According to research by the IATA, airline companies are set to experience higher traffic volume, increased passenger demand, better profitability, and greater than expected cash flows.
- Airline companies have found new ways of increasing their revenues in the form of ancillary revenues. Ancillary revenues come through fees earned for hotel bookings, exchange or purchase of frequent flier miles, luggage fees, seat upgrades and in-flight services such as Internet. These revenues have increased by 12% in the past year and will continue to grow.
- Industry consolidation among major airline companies is not only helping the companies expand their network and capacity, but post-merger integration is providing better operational efficiency and revenue synergies to the companies.
Best Airline Stocks
To find the best airline stocks, we researched stocks that have attractive valuations and are projected to grow both earnings and revenues. In addition, these stocks have the most number of Buy (or better) analyst ratings, and the 12-month target price set by these analysts indicate a high profit potential.

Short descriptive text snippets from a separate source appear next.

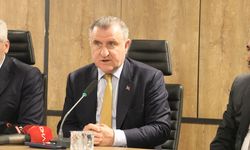 Gençlik ve Spor Bakanı Bak, AK Parti Diyarbakır İl Başkanlığı'nda konuştu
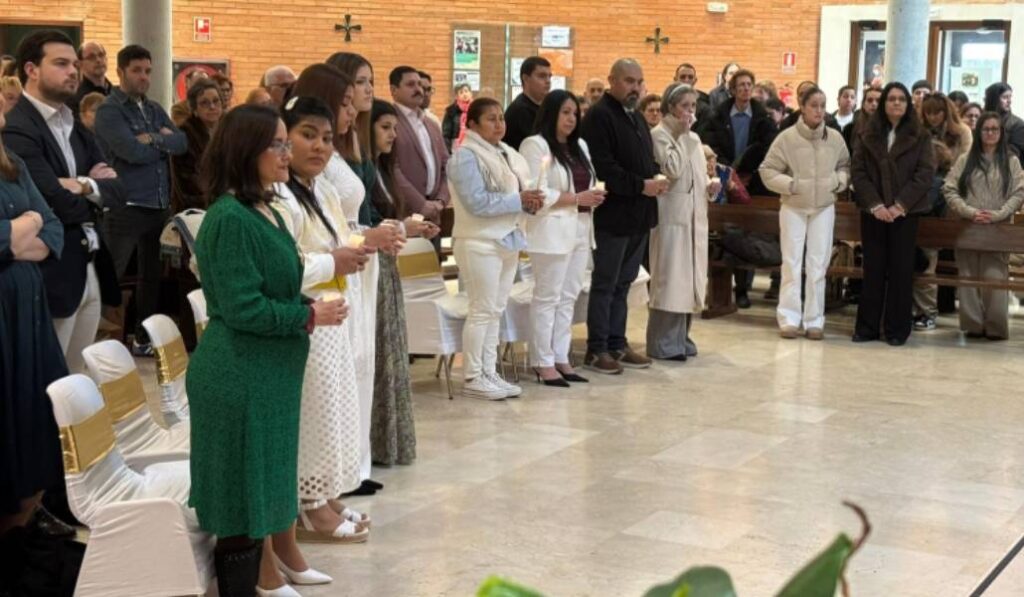 Los neófitos y confirmandos durante la Eucaristía. Foto: Archimadrid.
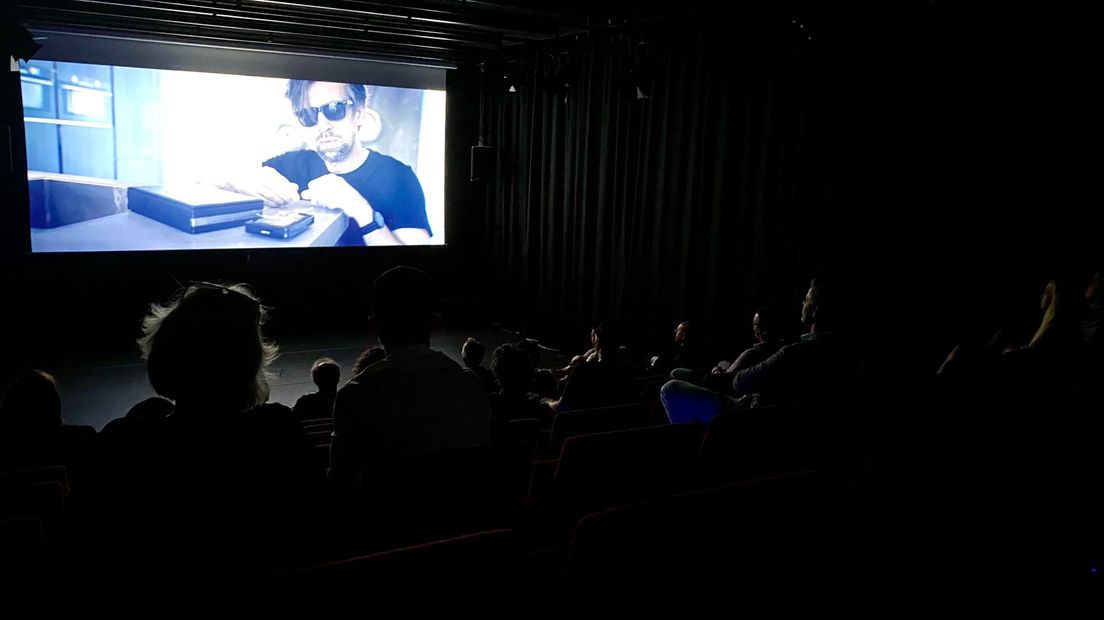 'CODE Kampen' werd zondag voor het eerst getoond aan publiek. In de film twee BN'ers, namelijk Ron Brandsteder en Mattie Valk (foto).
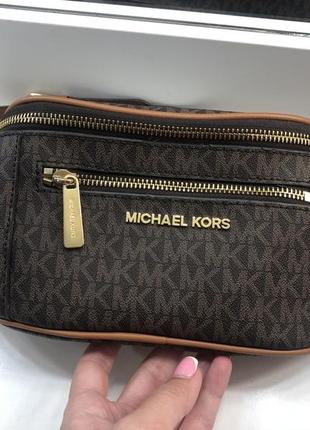 Бананка michael kors, оригинал, дефект на последнем фото, можно сделать в мастерской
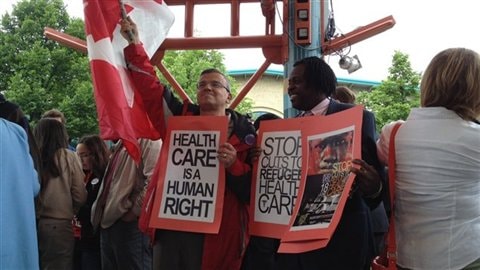 Manifestation à Winnipeg au Manitoba contre la réforme du gouvernement canadien dans les soins de santé aux réfugiés.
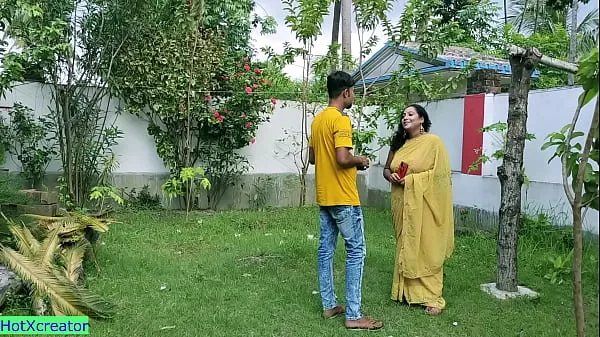 HD Indian Hot Bhabhi Sex with Unknown Young Boy! Plz Cum Inside drive Movies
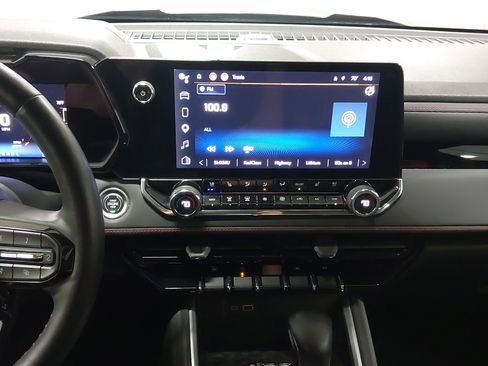 Used 2023 Chevrolet Colorado Z71 w/ Z71 Convenience Package 2 image 21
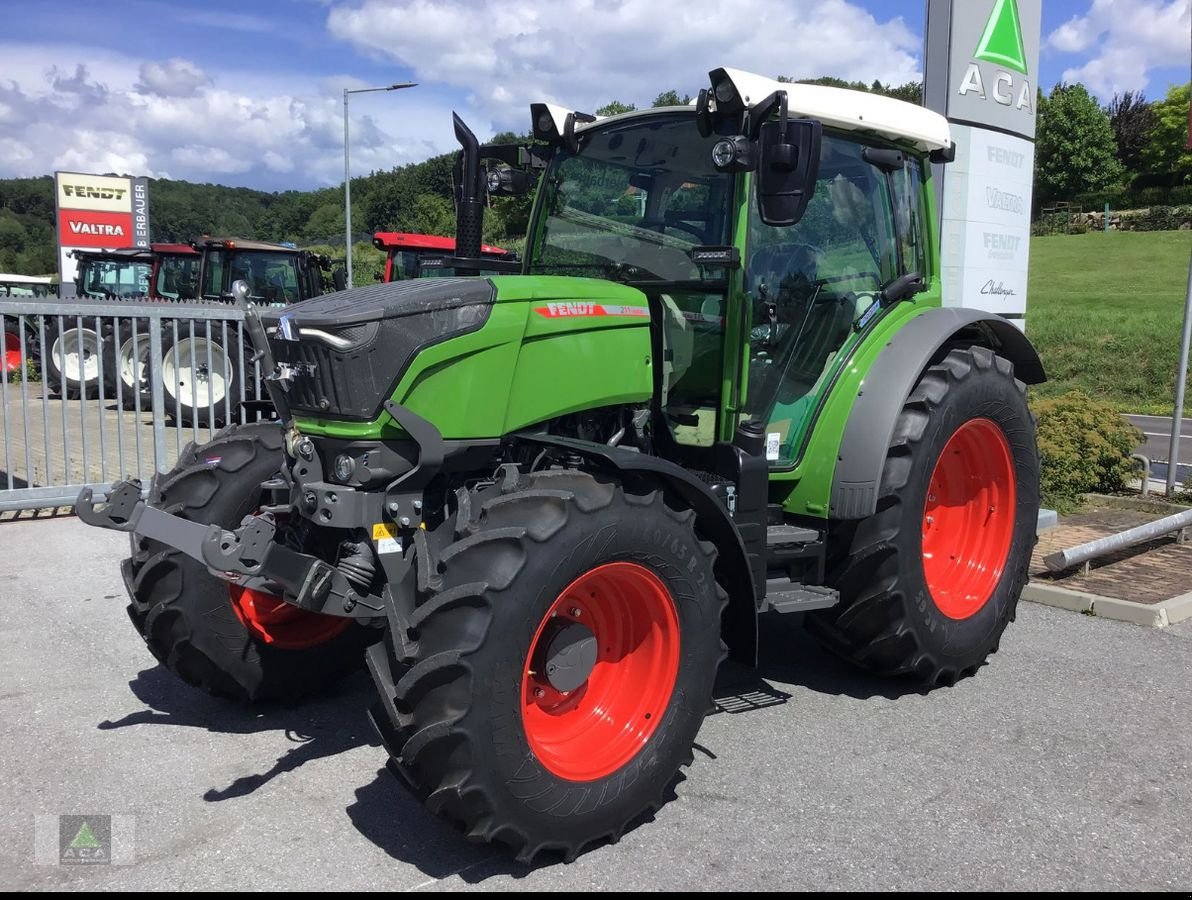 Traktor des Typs Fendt 211 Vario (Gen3), Vorführmaschine in Markt Hartmannsdorf (Bild 1)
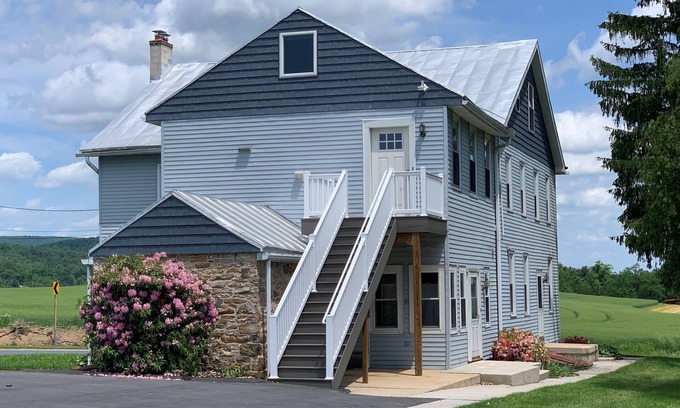 Jonestown Casa | Farm View -- perfect for families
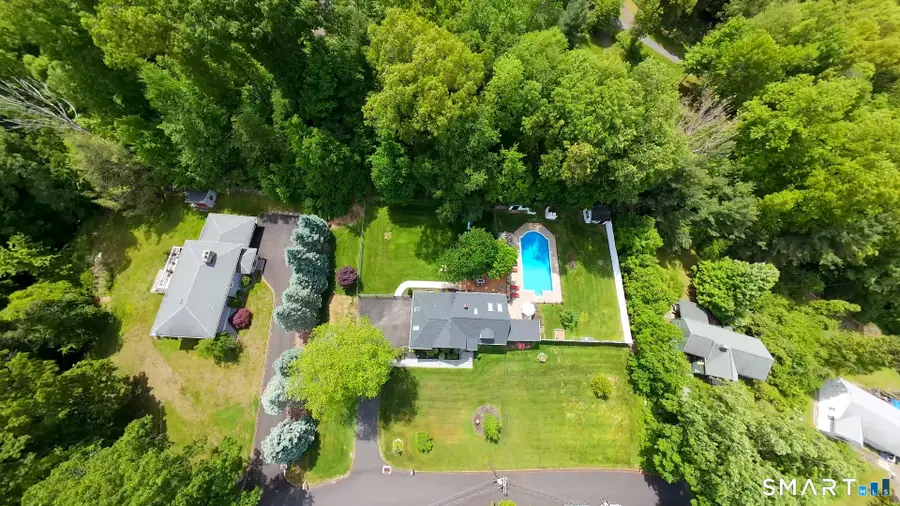 13 Pleasant Rise Circle, Brookfield, CT 06804 - #2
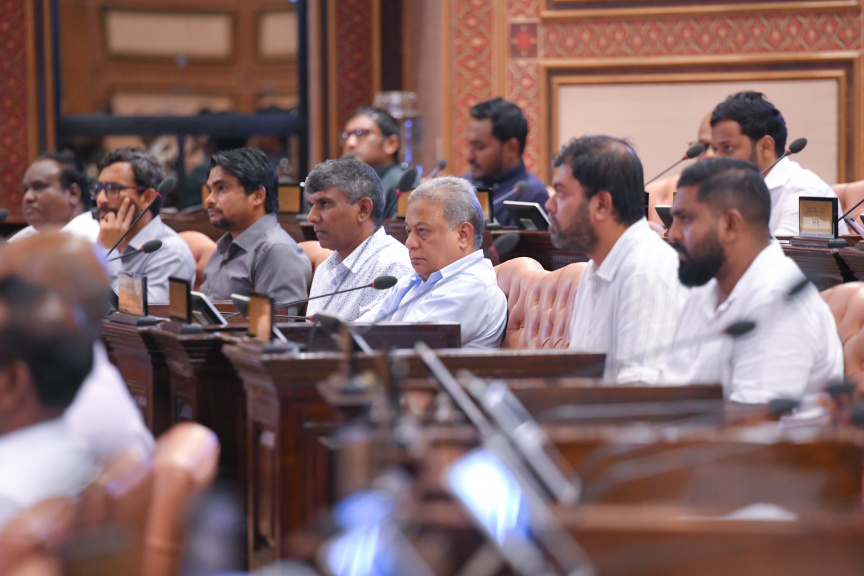 ވިހިވަނަ މަޖިލީހުގެ މެންބަރުންގެ ތެރެއިން އޭދަފުށީ ދާއިރާގެ މެންބަރު ރެޑްވޭވް އަހުމަދު ސަލީމް: މިއީ އޭނާ މަޖިލިސް މެންބަރުކަން ކުރައްވާ ހަތަރު ވަނަ ދައުރު -- ފޮޓޯ/ މަޖިލިސް 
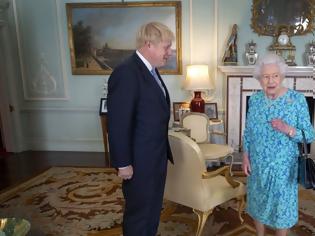 Φωτογραφία για «Διώξε με, αν τολμάς»: Ο Μπόρις Τζόνσον αποφασισμένος να προκαλέσει την βασίλισσα Ελισάβετ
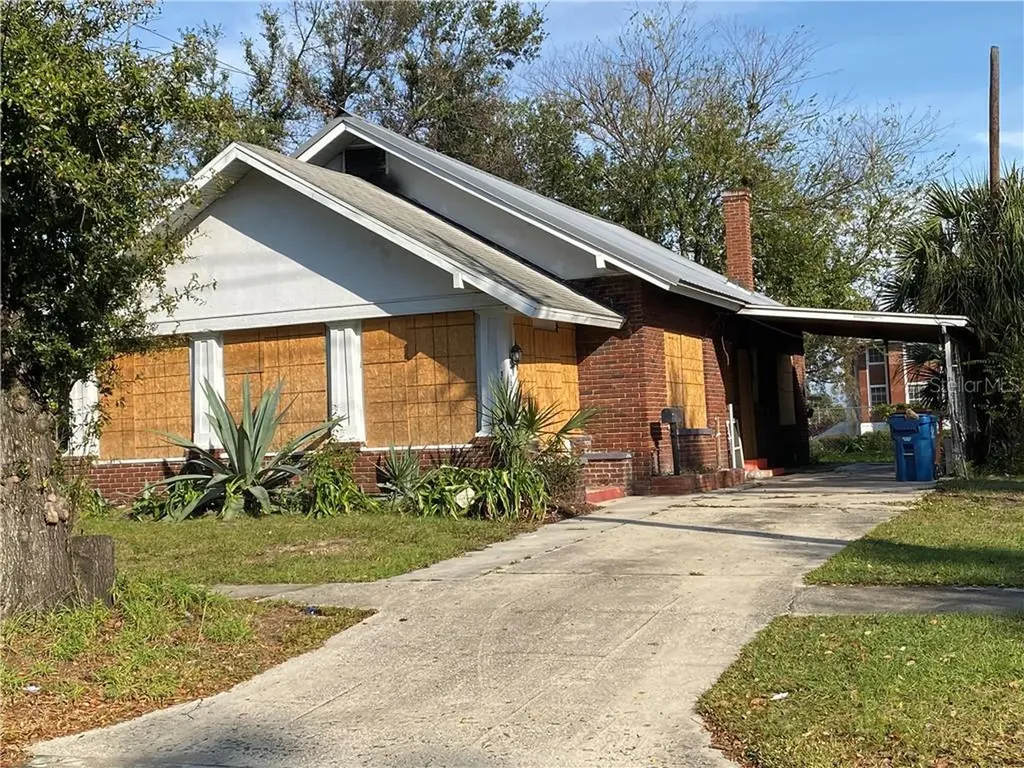 103 S 1st Street Haines City FL 33844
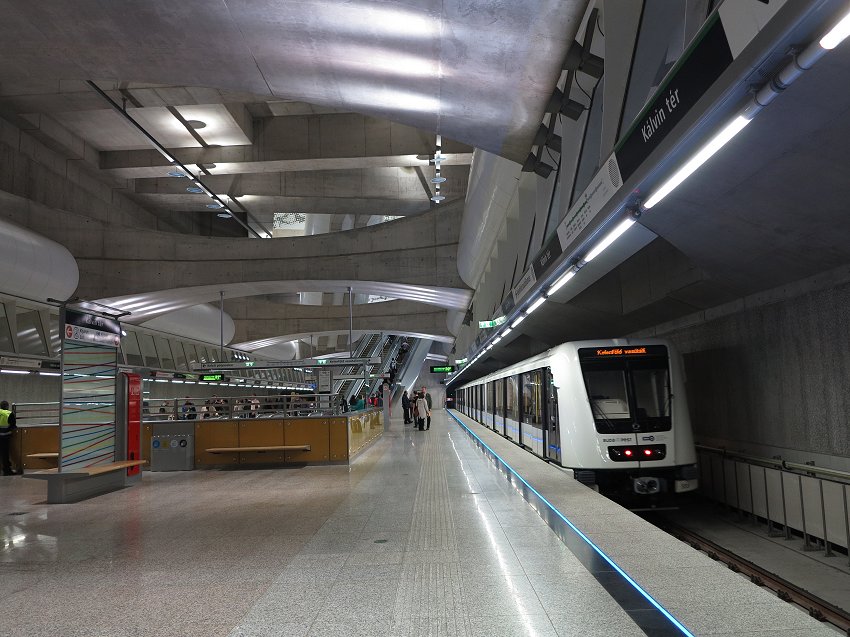 M4 Kálvin tér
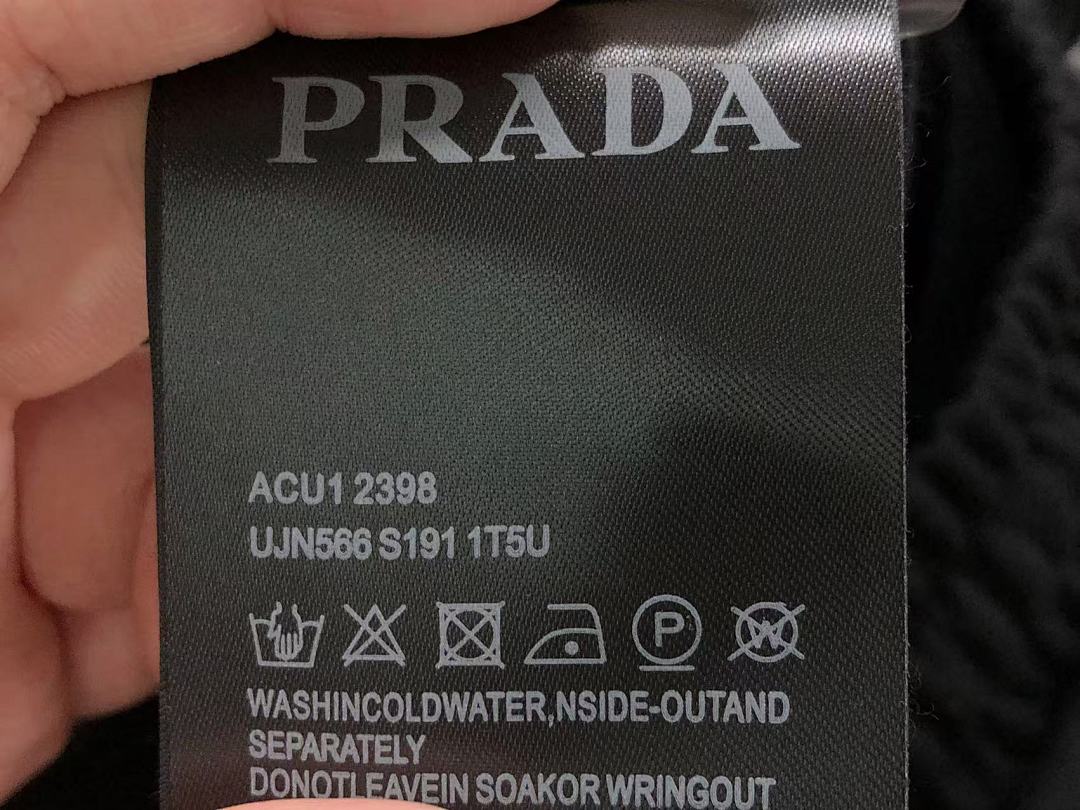 Prada 138 P⭐A⭐A SHORTS 3106191221 (Im 170Cm 60Kg I Wear Size M In The Phot) - Image 28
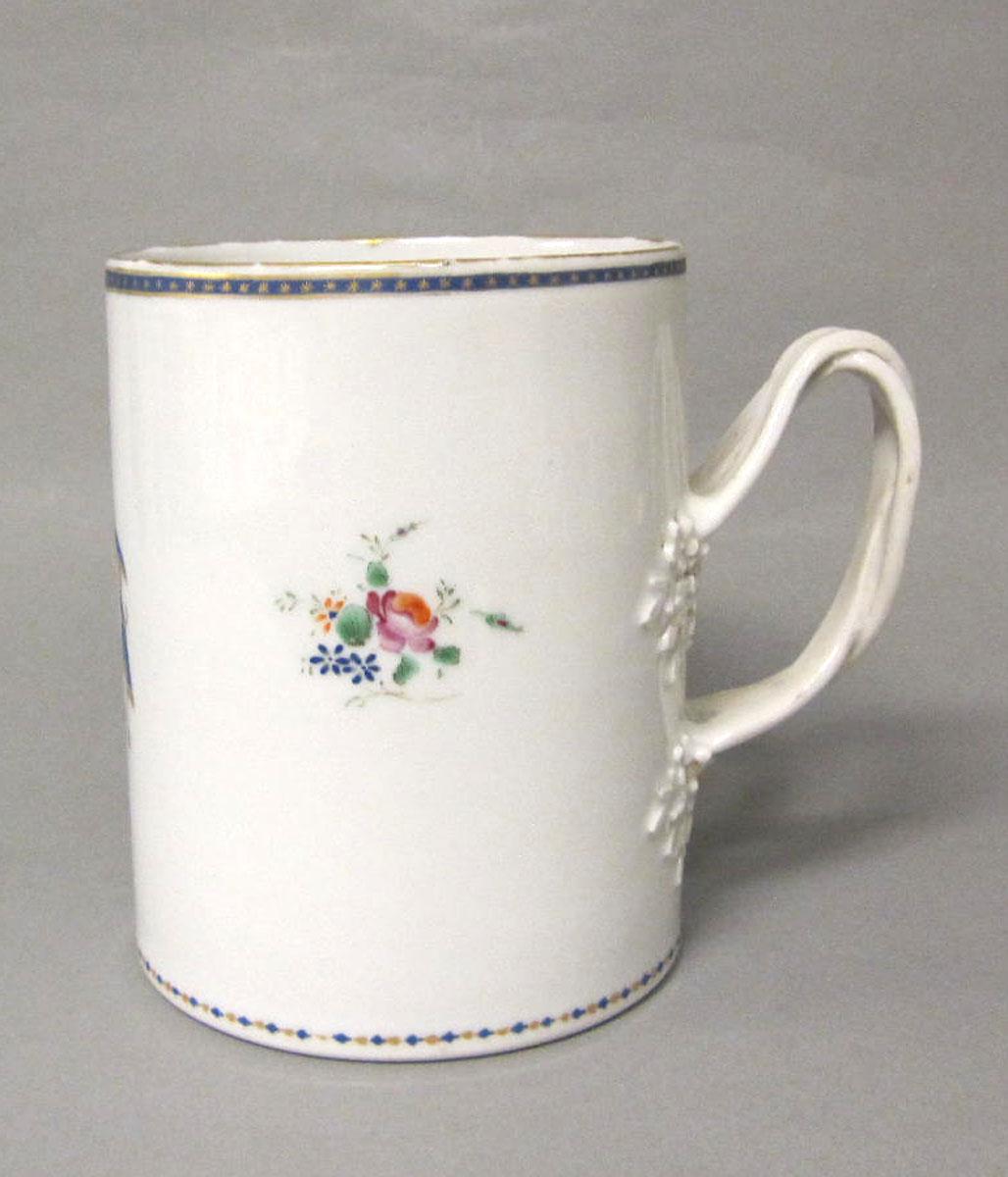 1963.0953 Porcelain mug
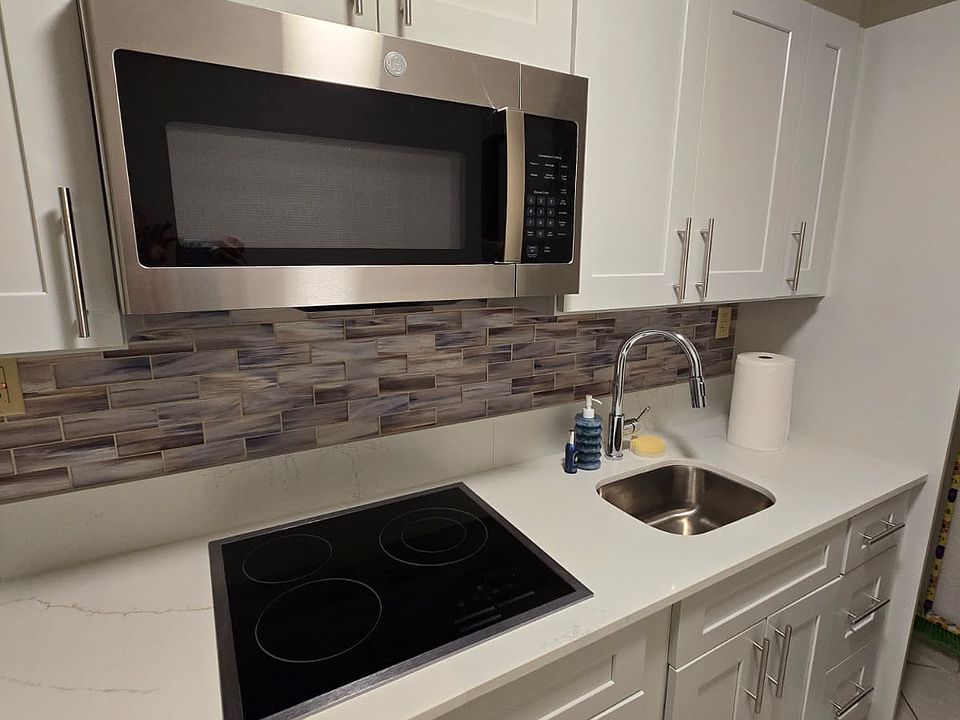 1st image of 10465 SW 42nd Ter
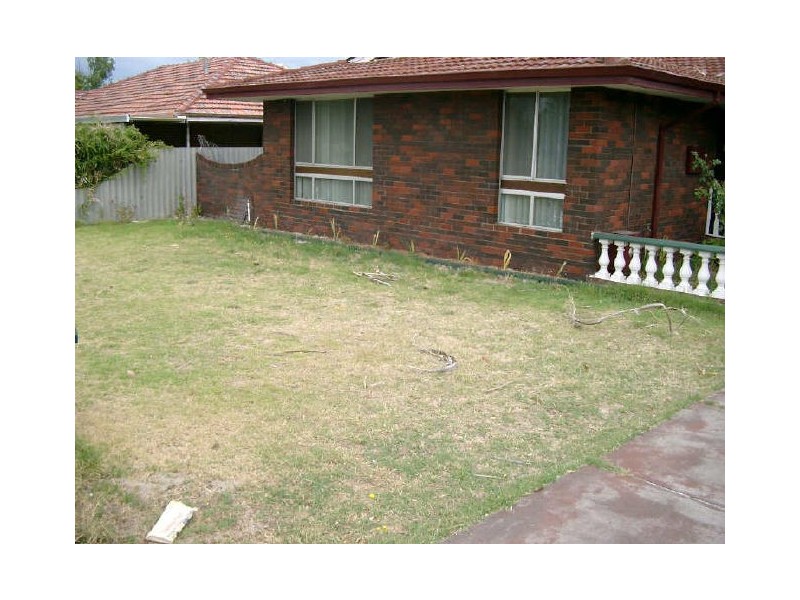 17 Leach Highway, Wilson WA 6107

After applying those checks, we get the following results:
- Alaska Air Group (ALK)
Alaska Air may seem like a small regional airline, but it happens to be the sixth largest in the U.S., operating a fleet of about 172 aircrafts that include a combination of Boeing 737 jets and other smaller aircrafts.
Alaska Air has conveniently hedged jet fuel at the price of $97 for the year 2013, and it has a jet fuel hedging percentage of 50 percent, through which it intends to gain control over jet fuel price volatility.
The company's revenues, operating margins and aircraft capacity are expected to increase in 2013. Its EPS is forecast to expand in the next couple of years as well (see below).
- US Airways Group (LCC)
US Airways' deal with AMR Corp (OTCQB:AAMRQ) -- the parent company of American Airlines -- will be closed sometime in the third quarter of 2013. This deal will provide US Airways much-needed penetration into the international markets. This merger, if approved, will be a solid growth catalyst for the company and will help the company balance its debt and reduce costs.
Both revenues as well as earnings are forecast to grow significantly in the next two years (see below).
- Delta Air Lines Group (DAL)
The combined entity formed after Delta Air Lines merged with Northwest Airlines in 2008 has now become one of the largest airline companies worldwide, serving more than 300 destinations across 59 countries.
Delta Air Lines' 2012 initiative in the oil refinery business will provide jet fuel to the company's operations in the northeastern part of the U.S.This purchase cost the company around $150 million -- the cost of a new aircraft -- and yet it will reduce the company's expenses by $300 million annually in northeastern operations. The company's decision to try to take control of its biggest input costs is a bold, yet impressive strategic move.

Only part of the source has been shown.